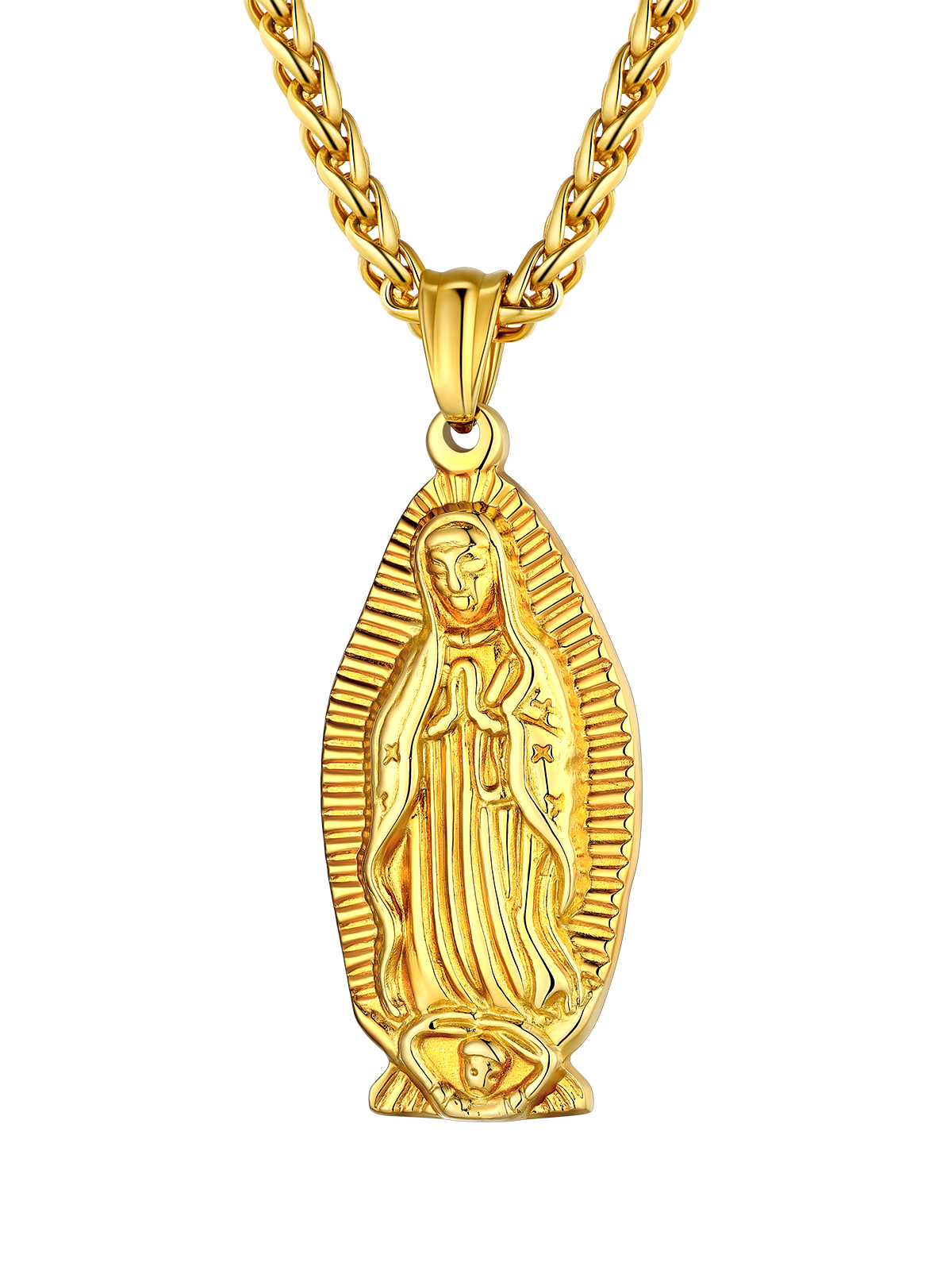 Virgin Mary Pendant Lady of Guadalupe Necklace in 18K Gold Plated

...

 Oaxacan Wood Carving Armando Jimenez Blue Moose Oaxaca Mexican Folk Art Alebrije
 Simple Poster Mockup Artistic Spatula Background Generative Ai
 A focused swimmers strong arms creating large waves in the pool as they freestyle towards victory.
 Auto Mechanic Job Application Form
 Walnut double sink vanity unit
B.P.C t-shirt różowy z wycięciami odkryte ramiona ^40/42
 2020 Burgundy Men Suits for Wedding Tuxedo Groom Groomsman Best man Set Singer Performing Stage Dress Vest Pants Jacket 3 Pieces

--

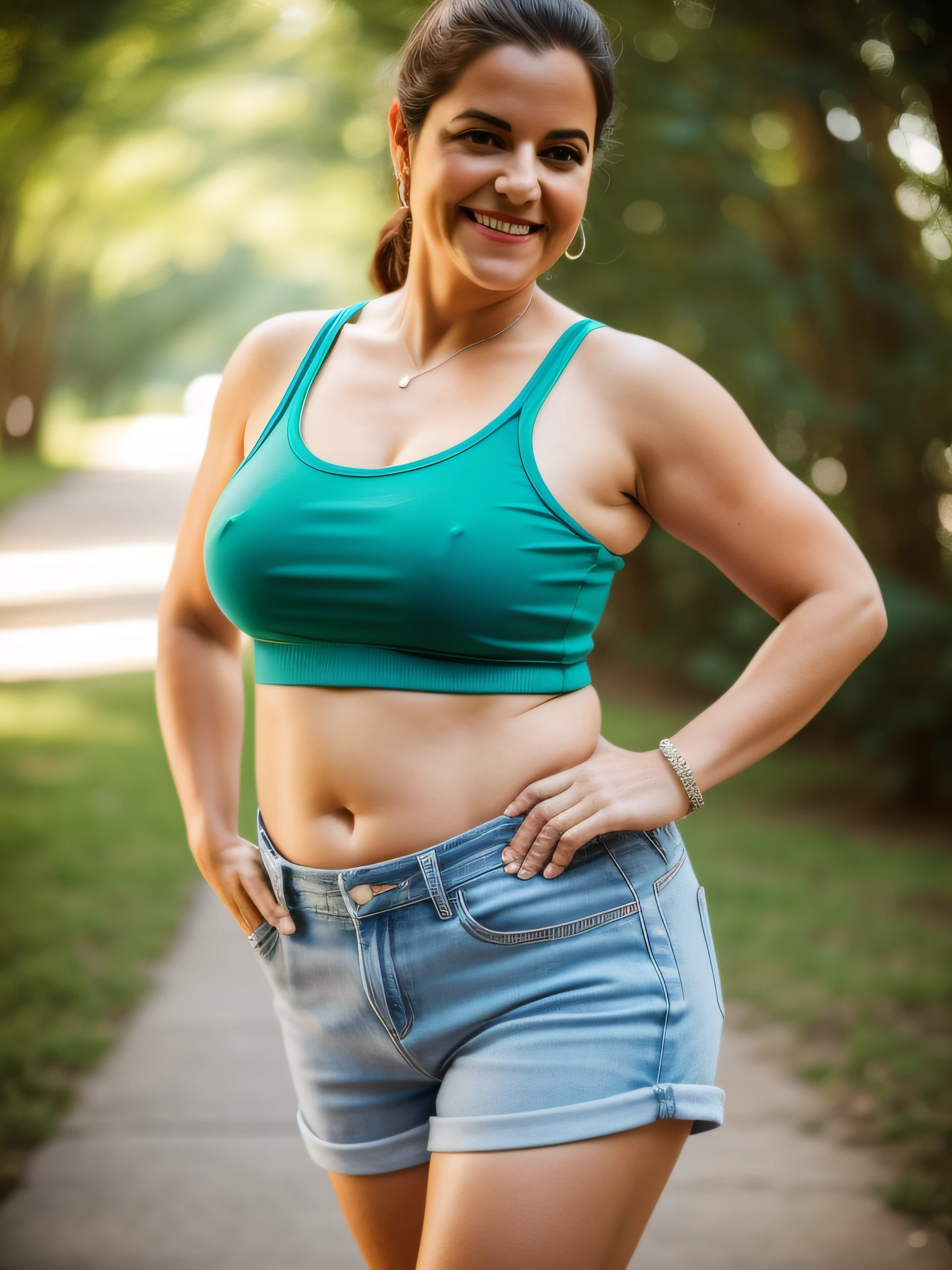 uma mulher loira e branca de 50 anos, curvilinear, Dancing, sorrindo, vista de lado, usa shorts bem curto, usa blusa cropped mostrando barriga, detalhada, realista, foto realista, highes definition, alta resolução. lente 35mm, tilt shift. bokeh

--- Aim of the task ---
Repeat, character for character, the lines of the material above from the line with "Auto Mechanic Job Application Form" through the line with "2020 Burgundy Men".

--- Answer area ---
 Auto Mechanic Job Application Form
 Walnut double sink vanity unit
B.P.C t-shirt różowy z wycięciami odkryte ramiona ^40/42
 2020 Burgundy Men Suits for Wedding Tuxedo Groom Groomsman Best man Set Singer Performing Stage Dress Vest Pants Jacket 3 Pieces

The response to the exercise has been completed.